High-octane business strategies
Line-by-line budget management and cost analysis will be essential to keep costs trimmed. Eighty percent of the farm’s financial story will come from the cash flow statement, and accurate statements will be more important than ever as a business analysis tool and for managers and lenders. It bears repeating that knowing the cost of production is huge, and something more than 50% of farmers cannot answer. Projecting outcomes will be a moving target, and Kohl recommends building in an extra 25% into the cash flow for this year.
Planning, execution and monitoring of plans will take as much as 10% of a manager’s time, requiring follow-through and commitment, he said. Consider conducting a Strength-Weakness-Opportunity-Threats (SWOT) analysis using farm support people, including lenders, veterinarians and others who can help energize the process and bring fresh ideas.
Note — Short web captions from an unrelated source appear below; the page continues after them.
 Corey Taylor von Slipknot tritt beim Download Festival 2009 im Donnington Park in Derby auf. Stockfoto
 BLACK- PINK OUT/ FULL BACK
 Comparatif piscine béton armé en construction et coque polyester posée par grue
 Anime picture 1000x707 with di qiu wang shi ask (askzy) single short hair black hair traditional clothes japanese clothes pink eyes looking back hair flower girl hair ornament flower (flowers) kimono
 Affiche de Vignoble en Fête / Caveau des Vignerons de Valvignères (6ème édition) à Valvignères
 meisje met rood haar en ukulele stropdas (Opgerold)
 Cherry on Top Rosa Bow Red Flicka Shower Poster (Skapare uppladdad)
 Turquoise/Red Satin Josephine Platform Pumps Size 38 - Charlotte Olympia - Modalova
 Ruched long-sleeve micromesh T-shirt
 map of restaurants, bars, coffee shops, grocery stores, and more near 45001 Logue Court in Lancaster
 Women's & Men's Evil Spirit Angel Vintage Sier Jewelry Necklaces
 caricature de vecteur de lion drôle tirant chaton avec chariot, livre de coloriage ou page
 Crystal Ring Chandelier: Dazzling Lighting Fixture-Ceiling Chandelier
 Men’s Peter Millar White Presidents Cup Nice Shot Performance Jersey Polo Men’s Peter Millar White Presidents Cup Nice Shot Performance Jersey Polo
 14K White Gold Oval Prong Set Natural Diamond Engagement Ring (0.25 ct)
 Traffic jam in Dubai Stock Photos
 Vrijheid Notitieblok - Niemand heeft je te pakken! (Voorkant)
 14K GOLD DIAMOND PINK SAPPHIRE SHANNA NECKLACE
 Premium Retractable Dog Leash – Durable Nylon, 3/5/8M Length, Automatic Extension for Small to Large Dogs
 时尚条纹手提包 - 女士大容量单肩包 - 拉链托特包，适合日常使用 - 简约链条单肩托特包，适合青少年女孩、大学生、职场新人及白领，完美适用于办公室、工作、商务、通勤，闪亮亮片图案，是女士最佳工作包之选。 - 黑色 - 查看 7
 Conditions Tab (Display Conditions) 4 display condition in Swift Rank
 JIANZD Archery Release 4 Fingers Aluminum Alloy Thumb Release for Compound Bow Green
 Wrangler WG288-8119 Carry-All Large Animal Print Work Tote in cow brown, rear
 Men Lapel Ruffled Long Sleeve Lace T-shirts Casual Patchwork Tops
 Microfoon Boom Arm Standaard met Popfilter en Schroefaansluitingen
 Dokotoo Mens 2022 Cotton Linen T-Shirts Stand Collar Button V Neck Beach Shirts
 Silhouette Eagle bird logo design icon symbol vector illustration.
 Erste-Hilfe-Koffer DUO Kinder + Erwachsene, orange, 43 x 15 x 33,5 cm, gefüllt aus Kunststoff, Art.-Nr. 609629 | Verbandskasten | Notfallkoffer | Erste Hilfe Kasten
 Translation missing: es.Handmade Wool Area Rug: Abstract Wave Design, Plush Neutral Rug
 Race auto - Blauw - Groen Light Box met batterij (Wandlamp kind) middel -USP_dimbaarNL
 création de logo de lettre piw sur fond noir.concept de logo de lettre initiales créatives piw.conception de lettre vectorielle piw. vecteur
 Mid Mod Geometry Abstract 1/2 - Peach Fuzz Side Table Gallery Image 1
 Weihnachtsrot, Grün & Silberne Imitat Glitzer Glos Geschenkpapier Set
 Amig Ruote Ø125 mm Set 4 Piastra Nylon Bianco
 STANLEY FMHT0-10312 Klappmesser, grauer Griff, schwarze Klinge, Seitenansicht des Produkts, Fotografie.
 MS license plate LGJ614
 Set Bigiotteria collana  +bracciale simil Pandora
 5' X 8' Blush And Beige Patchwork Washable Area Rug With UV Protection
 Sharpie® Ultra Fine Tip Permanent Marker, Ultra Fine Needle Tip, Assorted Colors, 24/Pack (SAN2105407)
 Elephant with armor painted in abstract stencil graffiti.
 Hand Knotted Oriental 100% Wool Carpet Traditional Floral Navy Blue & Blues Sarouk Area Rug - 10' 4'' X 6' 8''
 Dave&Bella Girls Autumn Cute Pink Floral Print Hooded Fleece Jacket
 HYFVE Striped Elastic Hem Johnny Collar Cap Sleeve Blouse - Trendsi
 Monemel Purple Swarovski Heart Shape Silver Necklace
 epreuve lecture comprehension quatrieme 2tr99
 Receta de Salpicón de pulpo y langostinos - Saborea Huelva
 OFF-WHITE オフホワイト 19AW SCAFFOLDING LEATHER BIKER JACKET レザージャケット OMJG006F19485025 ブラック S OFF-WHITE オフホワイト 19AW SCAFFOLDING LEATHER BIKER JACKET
Interdependence is a direction many farm businesses are embracing, using outside influencers to provide feedback on the farm’s performance. An outsider’s objective analysis can often provide a fresh infusion of input those closest to the daily business operation can overlook. It is a growing trend that is helping farm businesses achieve results throughout their business.
Sensitivity analysis or projections are valuable time investments to make, even if costs and market prices are unknown. It will show how different marketing and price scenarios will play out in the business. “Good and bad decisions compound over time,” he said.
Kohl says it is also important to pay attention to “the soft stuff” such as downtime, establishing farm goals and working as a team. Personal attention and commitment to health, exercise, meditation and recreation, along with good nutrition, are the core of what will keep the mind fresh and alert to face challenges.
“This is the important stuff,” Kohl emphasized, reflecting on successful businesses that carve out time for these principles, not only for themselves but across the employee spectrum.
Finally, a positive mindset and continued learning through reading, relationships and learning how other businesses stay successful and relevant will help farms continue a pathway to success during economic turbulence.
PHOTO: Getty images.
Bev Berens is a freelance writer in Vestabur, Michigan.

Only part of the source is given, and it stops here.